Skip to main content
Preprocessing is split into two sequential stages: converting raw video files into .pt tensors, then running a CNN backbone to extract frame-level features stored in HDF5 files for fast training.

Stage 1 — Video to Tensor

Configuration

ParameterValue
frames_per_video64
image_size256 × 256
processing_modegpu
clip_duration10 seconds

Running the Preprocessor

python video_classification_project/src/data/preprocess_videos.py
This launches an interactive CLI that prompts for processing mode (CPU or GPU) and a per-subcategory frame sampling strategy.

Frame Sampling Strategies

Samples frames evenly across the entire video duration. Best for content with consistent visual characteristics throughout.
start_frame = 0
end_frame = total_frames
step = sampling_frames / max_frames
frame_indices = [start_frame + int(i * step) for i in range(max_frames)]

GPU Batch Processing

On the NVIDIA A100 MIG partition the preprocessor batches frame tensors onto the GPU for normalization, using ImageNet statistics:
normalize_mean = torch.tensor([0.485, 0.456, 0.406], device='cuda:0').view(3, 1, 1)
normalize_std  = torch.tensor([0.229, 0.224, 0.225], device='cuda:0').view(3, 1, 1)

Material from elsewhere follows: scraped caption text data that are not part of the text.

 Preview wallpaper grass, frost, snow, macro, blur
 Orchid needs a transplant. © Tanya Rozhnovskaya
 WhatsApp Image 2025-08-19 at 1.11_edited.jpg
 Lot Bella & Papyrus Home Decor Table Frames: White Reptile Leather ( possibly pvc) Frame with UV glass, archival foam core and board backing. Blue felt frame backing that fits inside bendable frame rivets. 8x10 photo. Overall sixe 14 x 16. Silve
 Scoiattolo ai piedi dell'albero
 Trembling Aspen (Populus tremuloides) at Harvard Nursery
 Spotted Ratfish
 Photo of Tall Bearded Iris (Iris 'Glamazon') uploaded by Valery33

def normalize_on_gpu(self, tensor_batch):
    return (tensor_batch - self.normalize_mean) / self.normalize_std
Batch size is computed dynamically from available GPU memory (using 40% of free VRAM) with a hard cap of 4 for MIG safety.

Output Format

Each subcategory produces a processed_data.pt file:
data_dict = {
    'videos': processed_data,        # Tensor [N, T, C, H, W]
    'labels': torch.tensor(labels),  # Tensor [N]
    'filenames': filenames,           # List[str]
    'category_mapping': {category: category_idx}
}
torch.save(data_dict, split_output_dir / 'processed_data.pt')
A companion metadata.json records frames per video, image size, sampling strategy, processing mode, and augmentation flag.

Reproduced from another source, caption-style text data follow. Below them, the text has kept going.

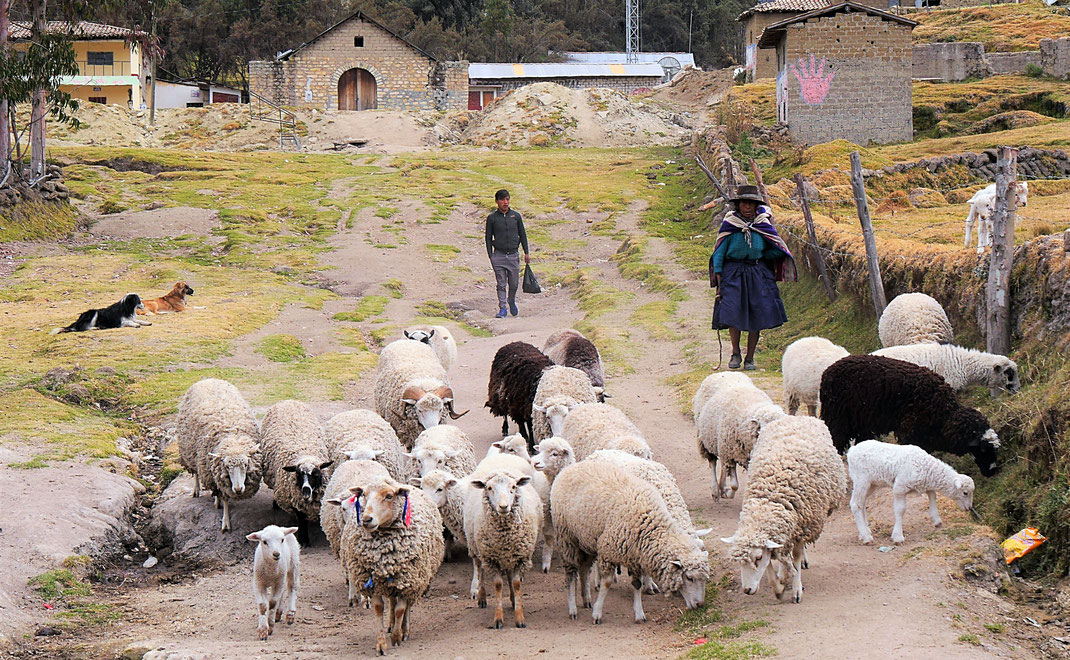 Eine Bäuerin führt ihre Schafe durch das Dorf, bei Uchkus Incañan, Peru (Foto Jörg Schwarz)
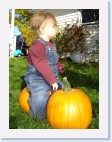 DSC02453 * 1536 x 2048 * (1.41MB)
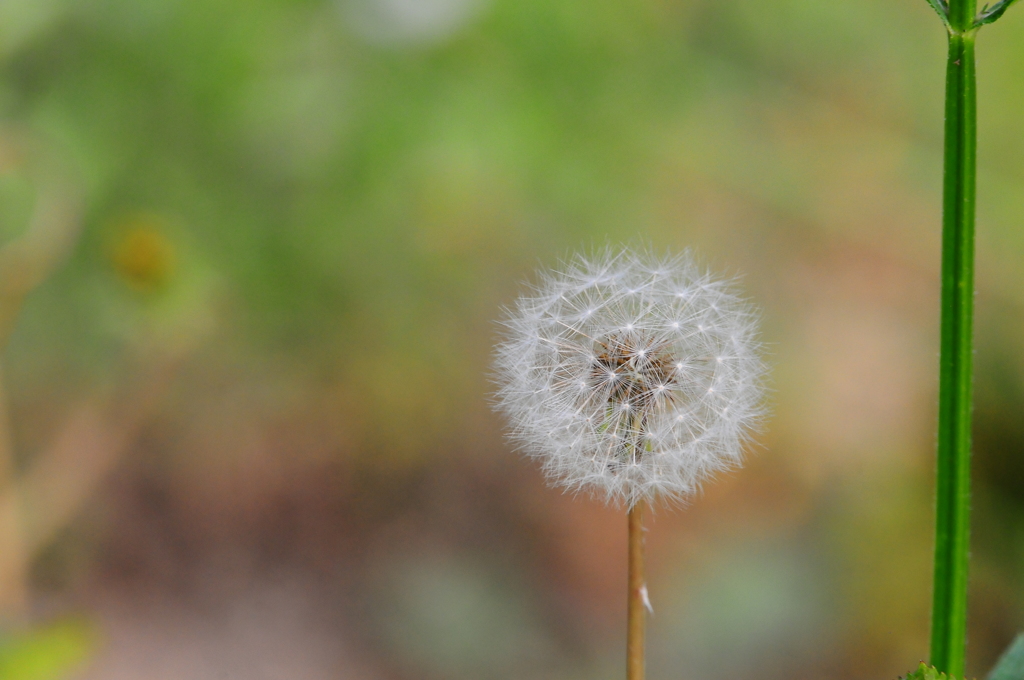 意外とシャープ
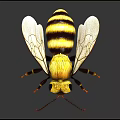 Detailed Yellow and Black Striped Bee with Transparent Wings on Dark Background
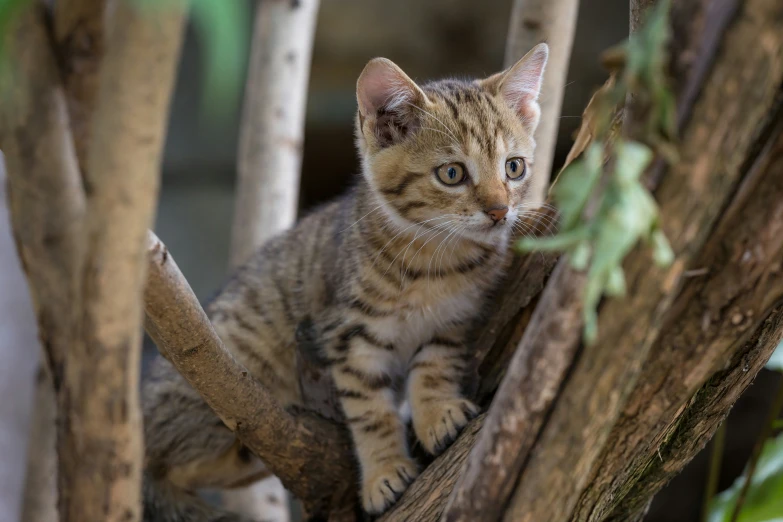 a little kitten standing on top of a tree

Stage 2 — CNN Feature Extraction

EnhancedFeatureExtractor runs a frozen pretrained CNN backbone over every .pt file and writes per-split HDF5 feature files.

Supported Backbones

BackboneFeature DimWeights
ResNet-502048IMAGENET1K_V2
ResNet-1012048IMAGENET1K_V2
EfficientNet-V2-S1280IMAGENET1K_V1
EfficientNet-V2-M1280IMAGENET1K_V1
The recommended backbone is EfficientNet-V2-S (feature dim 1280), which is what the production checkpoints were trained on.

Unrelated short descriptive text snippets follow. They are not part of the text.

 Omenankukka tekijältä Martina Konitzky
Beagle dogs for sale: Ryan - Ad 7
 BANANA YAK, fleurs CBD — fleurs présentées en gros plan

Instantiating the Extractor

from model_train_new import EnhancedFeatureExtractor

extractor = EnhancedFeatureExtractor(
    data_dir="data/processed",
    output_dir="data/features",
    backbone="efficientnet_v2_s",
    device="cuda",
    multi_scale=True
)

# Extract features for all three splits
extractor.extract_all_splits(batch_size=24)
extract_all_splits() calls extract_features_from_split() sequentially for train, val, and test.

Multi-Scale Feature Extraction

With multi_scale=True (the default), the extractor runs the backbone at three temporal scales per video and averages the resulting frame features:
scales = [1.0, 0.85, 1.15]
scale_features = []

for scale in scales:
    if scale != 1.0:
        new_length = max(int(num_frames * scale), 5)
        indices = np.linspace(0, num_frames - 1, new_length).astype(int)
        scaled_video = video[indices]
    else:
        scaled_video = video

    # ... run CNN on scaled_video in mini-batches of 24 frames ...
    scale_features.append(scale_feat)

# Pad to the same length, then average across scales
max_len = max(sf.shape[0] for sf in scale_features)
padded_scales = []  # zero-pad shorter sequences
for sf in scale_features:
    if sf.shape[0] < max_len:
        padding = torch.zeros(max_len - sf.shape[0], sf.shape[1])
        sf = torch.cat([sf, padding], dim=0)
    padded_scales.append(sf)

video_features = torch.stack(padded_scales).mean(dim=0)  # [T, feature_dim]
Scales 0.85 and 1.15 simulate slower and faster playback, giving the model exposure to temporal variations at extraction time.

HDF5 Output Format

Features are zero-padded to a common frame length and saved with gzip compression:
padded_features = np.zeros(
    (num_videos, max_frames, self.feature_dim),
    dtype=np.float32
)  # shape: [N_videos, max_frames, feature_dim]

h5_file = h5py.File(output_file, 'w')
h5_file.create_dataset('features',   data=padded_features,
                        compression='gzip', compression_opts=4)
h5_file.create_dataset('labels',     data=np.array(all_labels, dtype=np.int64))
h5_file.create_dataset('num_frames', data=np.array(all_num_frames, dtype=np.int32))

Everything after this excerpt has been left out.